Christiane Süßel | Börsen-Kurier

Die dunklen Wolken am deutschen Konjunkturhimmel lichten sich. Gleich zwei positive Nachrichten pusten die schlechte Stimmung beharrlich zur Seite. Da ist die Meldung vom Statistischen Bundesamt, dass die deutsche Wirtschaft im dritten Quartal nicht wie im zweiten Quartal (-0,2 %) geschrumpft ist. Zwar kam das Bruttoinlandsprodukt (BIP) zwischen Juli und September nur um magere 0,1 % voran, doch die Analysten hatten mit einem Rückgang um 0,1 % gerechnet. Mit dem leicht positiven Wert sei Deutschland „um Haaresbreite“ an einer technischen Rezession vorbeigeschrammt, kommentieren die Analysten der Deutschen Bank. (Anm.: Eine technische Rezession ist gegeben, wenn in zwei aufeinanderfolgenden Quartalen das BIP zurückfällt.) Der unerwartete BIP-Anstieg fußt in den Augen von Katharina Utermöhl, Analystin bei der Allianz, vor allem auf der weiter robusten Binnennachfrage, allen voran steigenden Bauinvestitionen, die den Gegenwind seitens des Außenhandels wettmachten. Sie sieht dennoch keinen Grund zum Feiern, denn auch infolge des verhaltenden Welthandels und der lahmenden Automobilbranche sei in den kommenden Quartalen bestenfalls mit einem Mini-Wachstum zu rechnen. Da die Industrieschwäche auf die Binnennachfrage abfärbe, bleibe auch 2020 das Rezessionsrisiko erhöht. Nord LB-Chefökonom Christian Lips sieht immerhin den Beginn einer Bodenbildung: „Nicht mehr, und nicht weniger.“

Dabei sind etwa die Finanzexperten, denen das Zentrum für Europäische Wirtschaftsforschung (ZEW) monatlich den Puls fühlt, im November besserer Laune. Mitten im warmen August waren ihre Konjunkturerwartungen mit -44,1 Punkten auf einen eisigen Tiefstand eingebrochen und hatten sich im Oktober auf -22,8 Zähler erholt.

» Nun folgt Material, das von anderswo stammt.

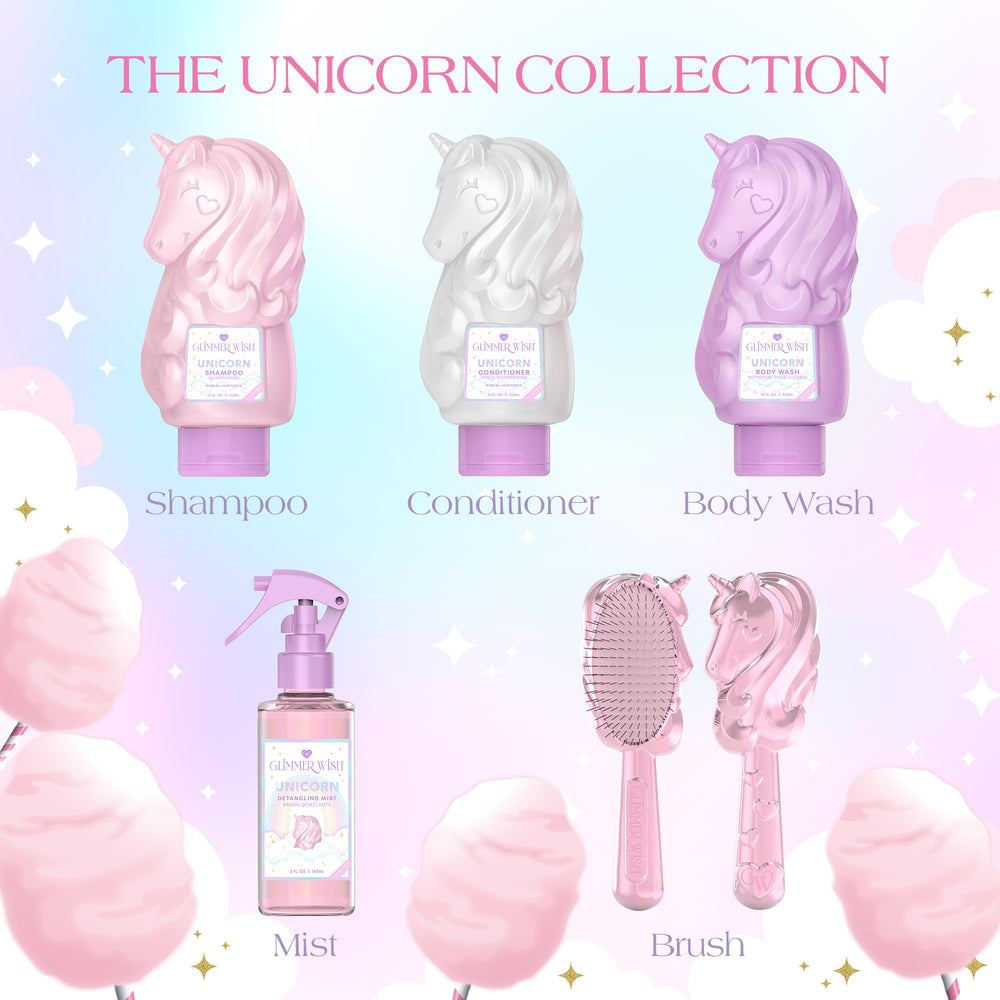 Shampoing Glimmer Wish Unicorn, flacon de 355 ml pratique pour le quotidien.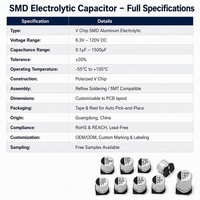 Condensateur électrolytique SMD 35V 330μF 10x10.5mm, haute stabilité de filtration, pour les appareils connectés et l'électronique grand public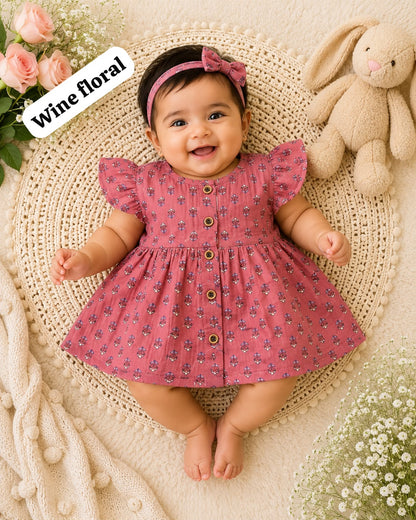 Baby Muslin full open button frocks (0-24 m), Soft & Comfortable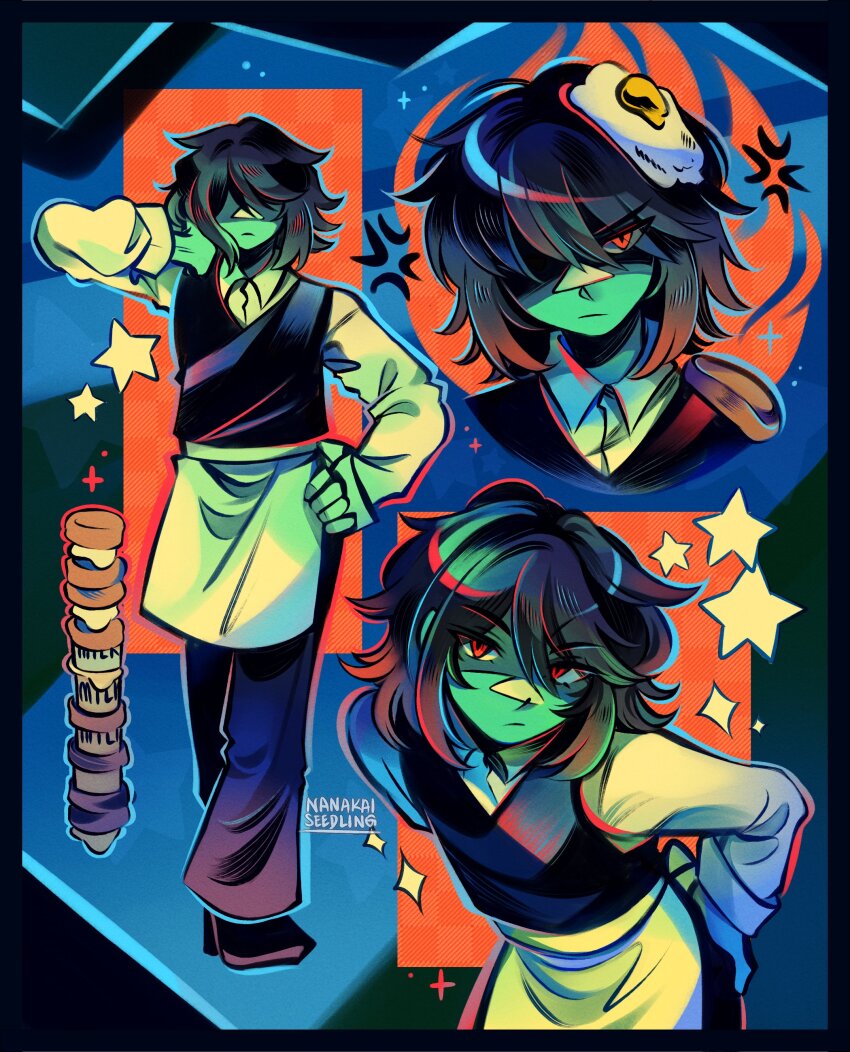 1other, absurdres, anger_vein, apron, artist_name, black_border, black_hair, black_pants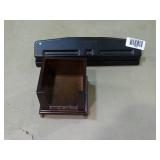 3 hole punch and wood post-it note holder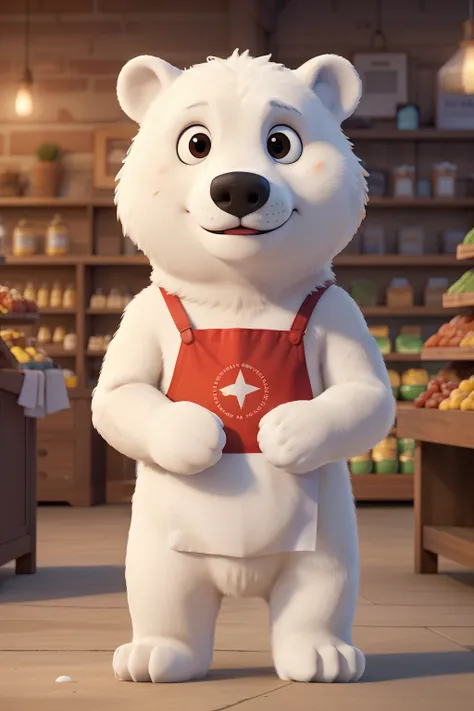 Create an image showing a polar bear wearing a white apron selling ice cubes in a store, This place must be decorated with very small flags of the country of Chile. 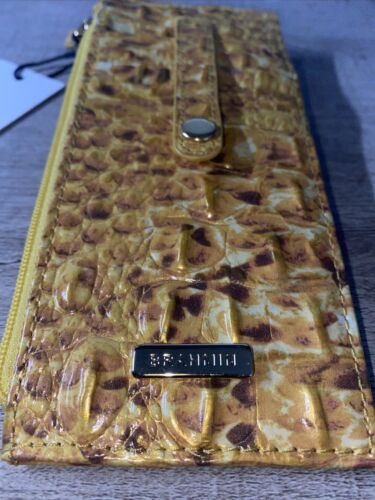 BRAHMIN CANARY MELBOURNE LEATHER CREDIT CARD SLIM WALLET NWT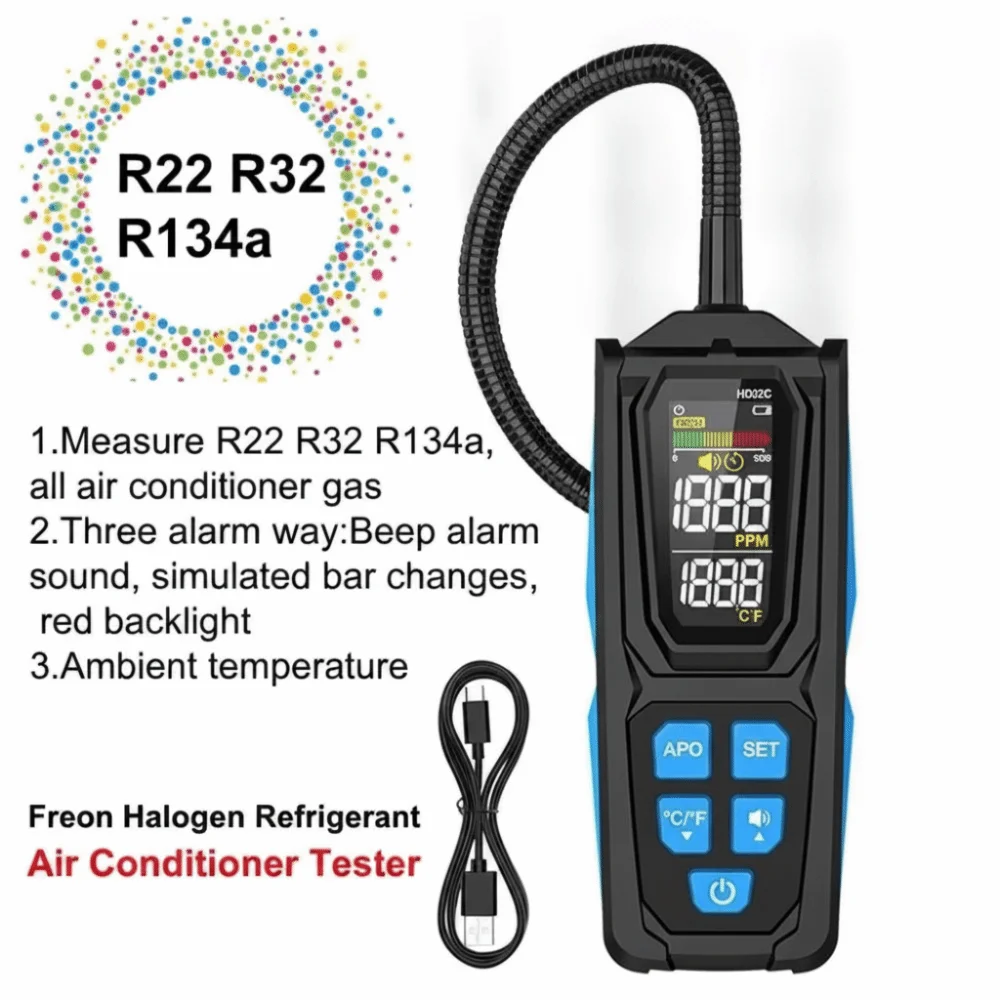High Sensitivity Refrigerant Leak Detector Portable Tester Digital Display Air Conditioner Detector 0-1000PPM Handheld Design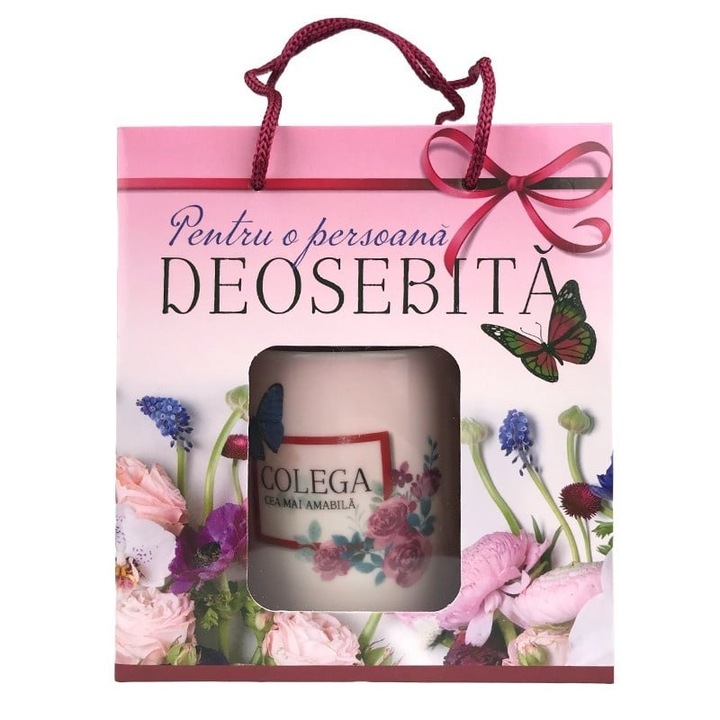 Set Cana ceramica si lingurita, cu mesaj " Colega cea mai amabila ", Velve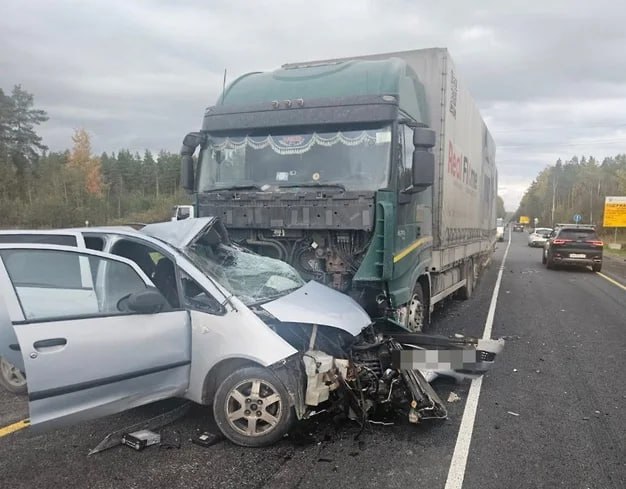 Водитель иномарки погиб в ДТП с грузовиком на «Магистральной» автодороге   Полиция Ленинградской области проводит проверку по факту ДТП со смертельным исходом с участием грузовика и иномарки во Всеволожском районе. Как сообщили в региональном ГУ МВД, тяжелая авария произошла в районе 16:00 накануне, 7 октября, на 121-м километре автодороги «Магистральная».  Госавтоинспекция установила, что 33-летний водитель Mitsubishi, выезжая со второстепенной дороги, не уступил преимущество грузовику Iveco с полуприцепом под управлением 44-летнего водителя, двигавшемуся по главной дороге. В результате столкновения водитель легкового автомобиля от полученных травм скончался на месте, его пассажир, 38-летний мужчина, в тяжелом состоянии госпитализирован. Все подробности произошедшего в настоящий момент выясняет полиция.  Фото: ГУ МВД по Петербургу и Ленобласти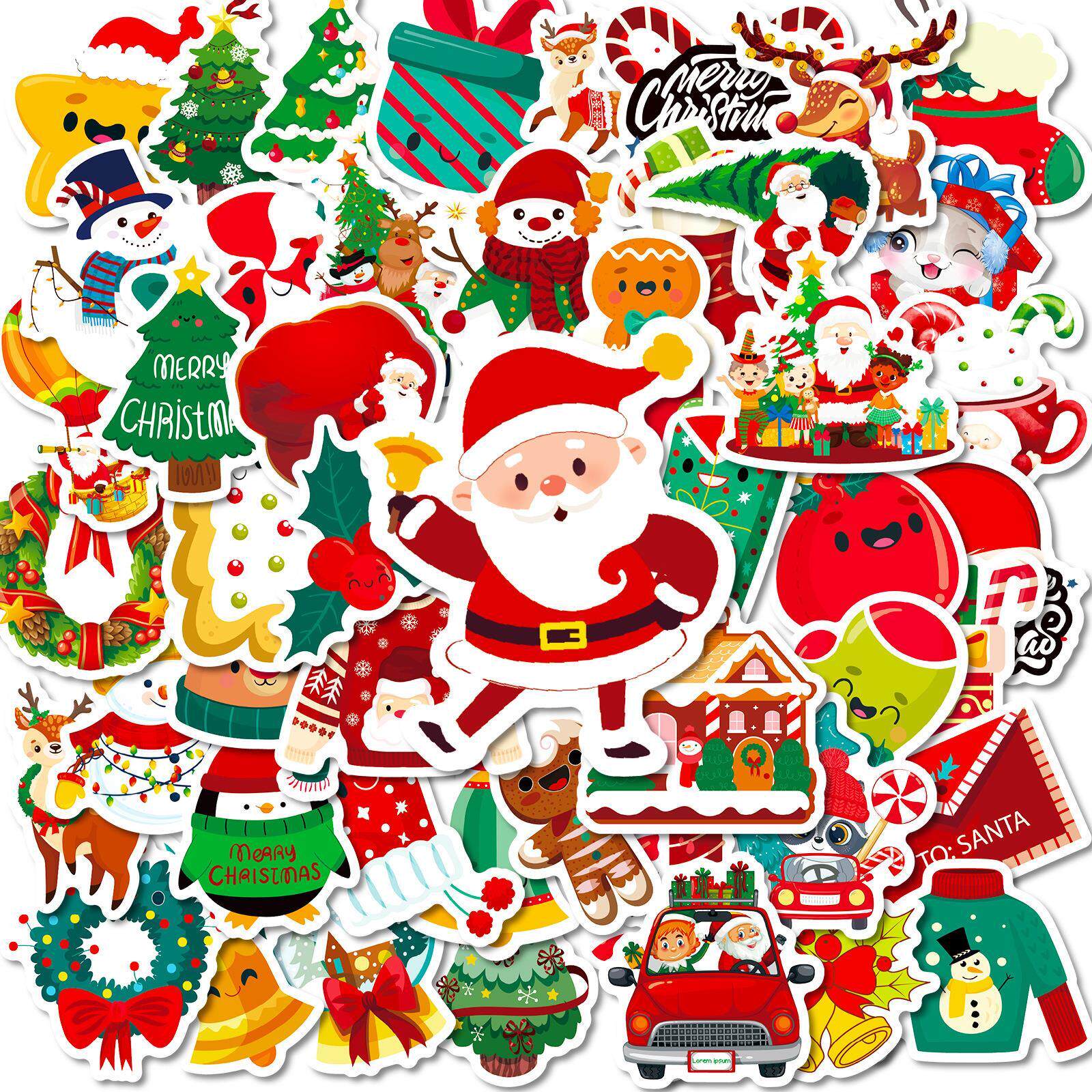 50张跨境热卖圣诞节主题卡通涂鸦贴纸节日氛围儿童礼物装饰贴画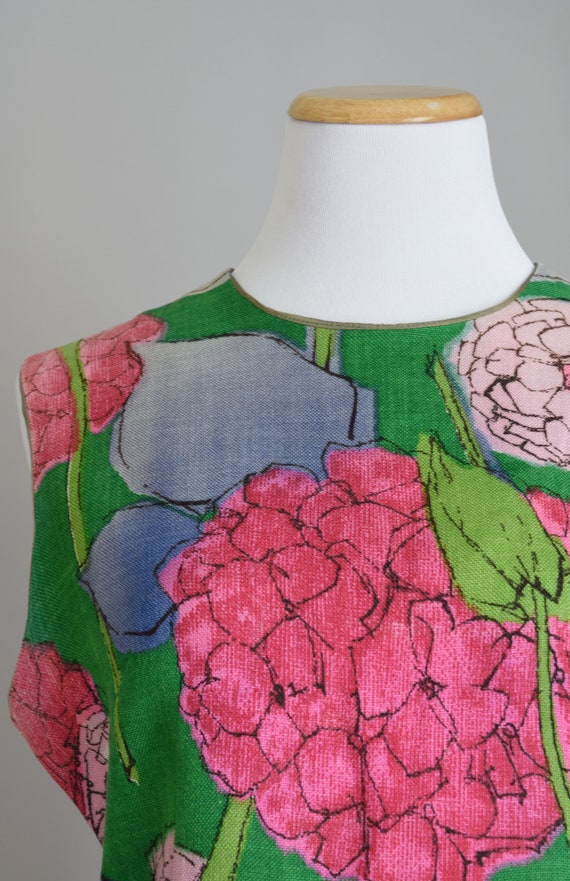 les fleurs linen dress | vintage 60s shift - image 5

Nun blicken sie deutlich optimistischer in die kommenden Monate. Der ZEW-Erwartungsindex springt um satte 20,7 Zähler auf -2,1 Punkte, bewegt sich damit aber immer noch auf dünnem Eis. Zudem tragen die Finanzprofis beim Blick auf die aktuelle Lage keine rosarote Brille. Der ZEW-Lagewert ist mit -24,7 Punkten weiterhin alles andere als berauschend. Als Treiber für den Stimmungsaufschwung sieht ZEW-Präsident Achim Wambach die gestiegenen Hoffnungen, „dass sich das internationale wirtschaftspolitische Umfeld in der näheren Zukunft verbessern wird.“ Auch der Chefökonom der VP Bank Thomas Gitzel hofft, dass vorerst das Schlimmste an Hiobsbotschaften hinter der deutschen Volkswirtschaft liegt: „Einige Stolpersteine scheinen aus dem Weg geräumt.“ Allerdings richteten sich die ZEW-Konjunkturerwartungen mit ihren Scheinwerfern bereits in das Jahr 2020: „Wenn sich Konjunkturfrühindikatoren verbessern, sprechen wir nicht über Wachstumsraten von 2 %, sondern vielmehr von einem BIP-Zuwachs in der Größenordnung zwischen 0,5 und 1,0 %“, bremst er die Euphorie. Immerhin korrigiert auch die Deutsche Bank ihre BIP-Prognose für 2019 von 0,3 auf nun 0,5 % nach oben.

Dreh- und Angelpunkte für den Ausblick der deutschen Wirtschaft seien die Entwicklungen an der Handelsfront. 2020 könnte das BIP bei 1 % liegen, so die Schätzung der Deutschen Bank. Das wäre immer noch deutlich besser als das BIP-Plus im laufenden Jahr.